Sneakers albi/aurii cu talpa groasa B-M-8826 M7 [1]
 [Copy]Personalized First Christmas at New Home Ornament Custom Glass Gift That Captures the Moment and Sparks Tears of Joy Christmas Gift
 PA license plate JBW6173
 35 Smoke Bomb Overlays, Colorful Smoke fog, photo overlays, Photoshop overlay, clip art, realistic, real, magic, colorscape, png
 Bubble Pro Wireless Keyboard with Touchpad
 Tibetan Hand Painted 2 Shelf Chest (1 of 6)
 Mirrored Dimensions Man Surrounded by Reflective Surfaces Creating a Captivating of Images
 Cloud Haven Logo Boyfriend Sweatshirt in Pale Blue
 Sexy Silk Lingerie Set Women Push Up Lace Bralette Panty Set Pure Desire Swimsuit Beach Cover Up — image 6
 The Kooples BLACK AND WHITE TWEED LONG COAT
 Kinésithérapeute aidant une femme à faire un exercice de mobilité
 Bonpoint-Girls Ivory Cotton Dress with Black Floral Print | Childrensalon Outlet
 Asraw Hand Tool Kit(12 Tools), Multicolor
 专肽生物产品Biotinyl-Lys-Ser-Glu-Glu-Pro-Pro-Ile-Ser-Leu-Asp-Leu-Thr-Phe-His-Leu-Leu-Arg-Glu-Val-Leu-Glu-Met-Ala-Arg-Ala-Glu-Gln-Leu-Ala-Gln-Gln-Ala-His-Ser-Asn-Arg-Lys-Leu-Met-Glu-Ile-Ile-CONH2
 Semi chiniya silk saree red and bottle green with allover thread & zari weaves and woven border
○ ○ ○ ○ ○ ○ ○
## What to produce:
Set down the lines of the listing word for word, from its first line through the line containing "Asraw Hand Tool Kit(12 Tools), Multicolor". Both of those lines belong in the answer, and no others do.

## Answer below:
Sneakers albi/aurii cu talpa groasa B-M-8826 M7 [1]
 [Copy]Personalized First Christmas at New Home Ornament Custom Glass Gift That Captures the Moment and Sparks Tears of Joy Christmas Gift
 PA license plate JBW6173
 35 Smoke Bomb Overlays, Colorful Smoke fog, photo overlays, Photoshop overlay, clip art, realistic, real, magic, colorscape, png
 Bubble Pro Wireless Keyboard with Touchpad
 Tibetan Hand Painted 2 Shelf Chest (1 of 6)
 Mirrored Dimensions Man Surrounded by Reflective Surfaces Creating a Captivating of Images
 Cloud Haven Logo Boyfriend Sweatshirt in Pale Blue
 Sexy Silk Lingerie Set Women Push Up Lace Bralette Panty Set Pure Desire Swimsuit Beach Cover Up — image 6
 The Kooples BLACK AND WHITE TWEED LONG COAT
 Kinésithérapeute aidant une femme à faire un exercice de mobilité
 Bonpoint-Girls Ivory Cotton Dress with Black Floral Print | Childrensalon Outlet
 Asraw Hand Tool Kit(12 Tools), Multicolor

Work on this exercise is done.